§ Your assignment
Every line of the listing below from the one with "Elegant pearl and" up to and including the one with "Dominic Smith of" should be retyped exactly, and nothing else; pictures are not part of the copy.

§ Given entries
● ● ● ● ● ● ●

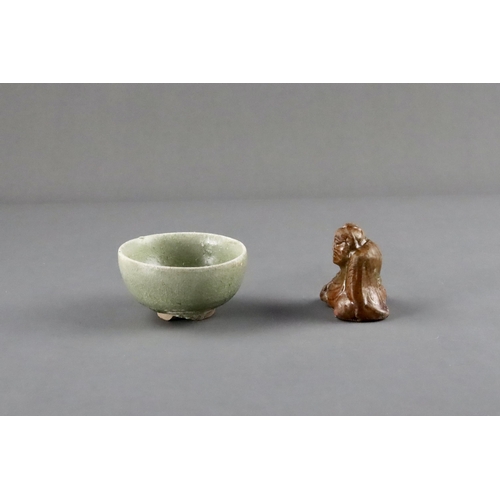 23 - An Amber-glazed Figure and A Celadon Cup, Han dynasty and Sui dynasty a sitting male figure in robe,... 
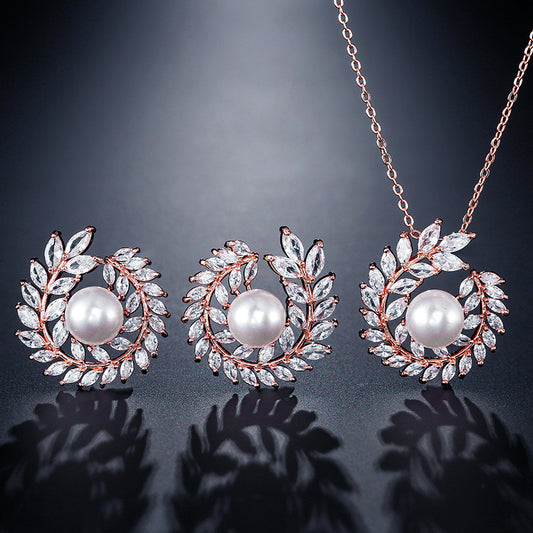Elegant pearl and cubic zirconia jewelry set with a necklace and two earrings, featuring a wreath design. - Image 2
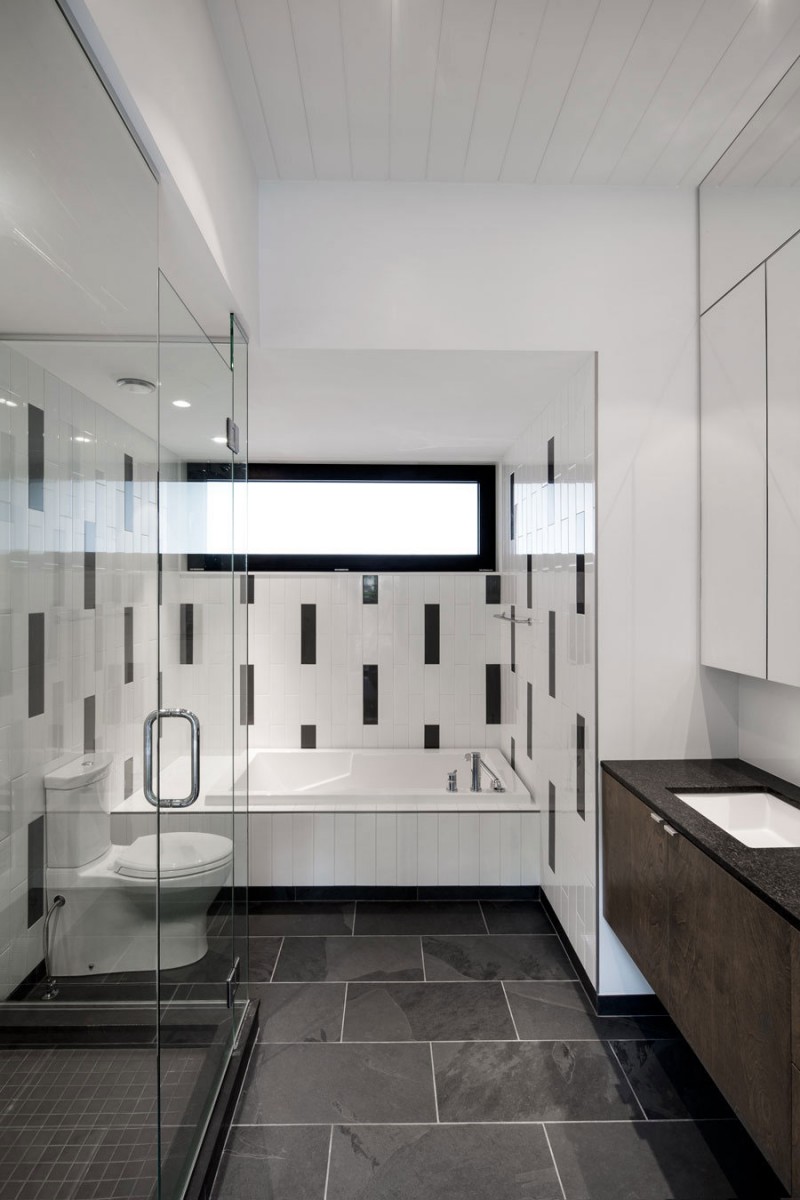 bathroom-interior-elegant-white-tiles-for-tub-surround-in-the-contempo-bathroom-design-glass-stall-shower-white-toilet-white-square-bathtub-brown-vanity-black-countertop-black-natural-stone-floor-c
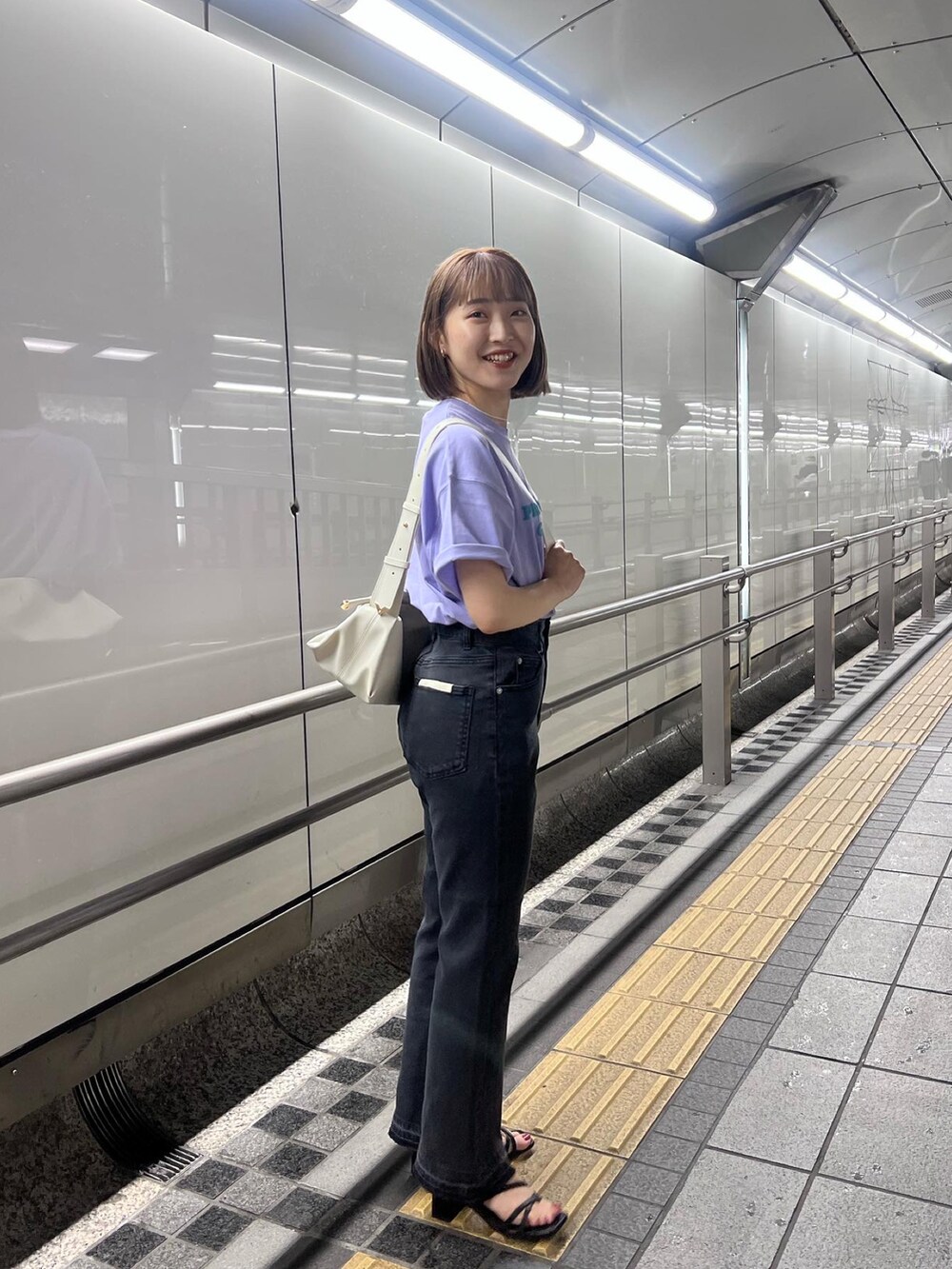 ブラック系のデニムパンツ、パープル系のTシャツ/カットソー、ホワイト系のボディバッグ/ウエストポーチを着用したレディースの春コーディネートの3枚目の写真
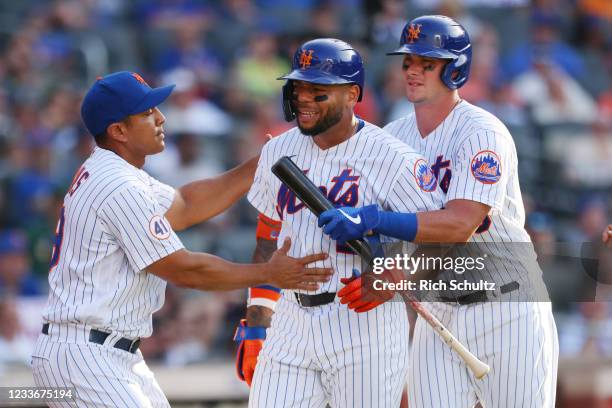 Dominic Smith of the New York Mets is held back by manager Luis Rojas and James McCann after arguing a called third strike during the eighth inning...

● ● ● ● ● ● ●

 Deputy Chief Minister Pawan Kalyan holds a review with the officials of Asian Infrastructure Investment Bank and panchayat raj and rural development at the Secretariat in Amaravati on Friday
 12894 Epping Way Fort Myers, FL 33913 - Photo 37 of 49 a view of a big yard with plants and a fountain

● ● ● ● ● ● ●

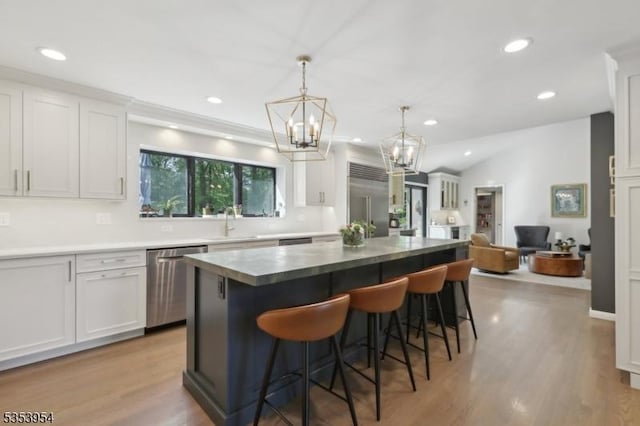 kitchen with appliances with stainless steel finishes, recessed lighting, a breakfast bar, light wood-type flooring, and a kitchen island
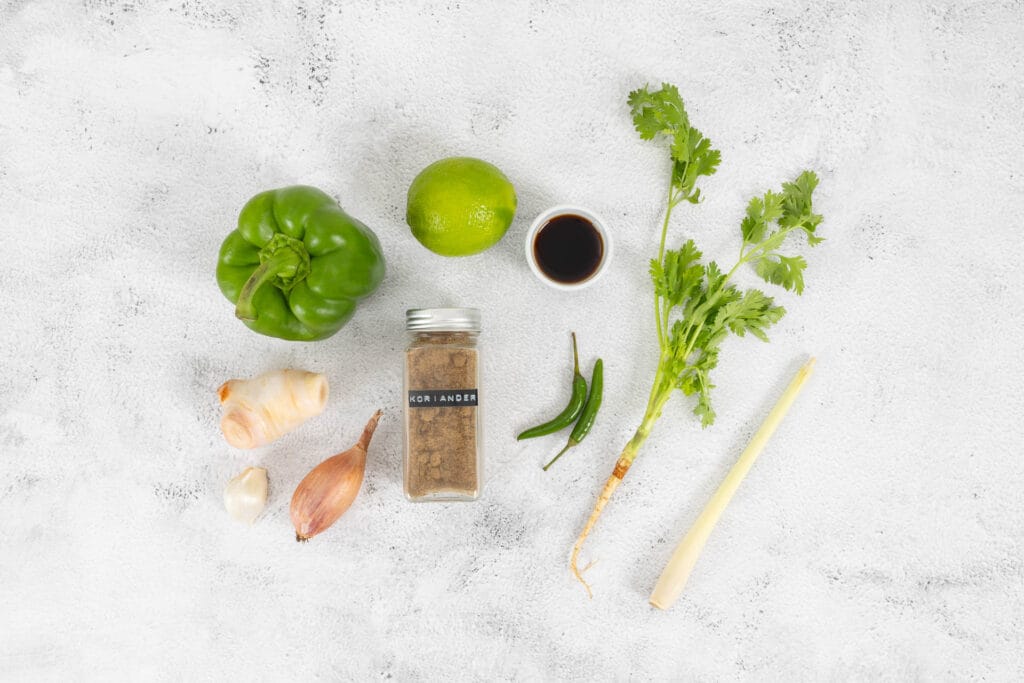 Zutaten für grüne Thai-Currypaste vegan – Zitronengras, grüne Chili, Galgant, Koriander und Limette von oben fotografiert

● ● ● ● ● ● ●

§ Expected answer
Elegant pearl and cubic zirconia jewelry set with a necklace and two earrings, featuring a wreath design. - Image 2
 bathroom-interior-elegant-white-tiles-for-tub-surround-in-the-contempo-bathroom-design-glass-stall-shower-white-toilet-white-square-bathtub-brown-vanity-black-countertop-black-natural-stone-floor-c
 ブラック系のデニムパンツ、パープル系のTシャツ/カットソー、ホワイト系のボディバッグ/ウエストポーチを着用したレディースの春コーディネートの3枚目の写真
 Dominic Smith of the New York Mets is held back by manager Luis Rojas and James McCann after arguing a called third strike during the eighth inning...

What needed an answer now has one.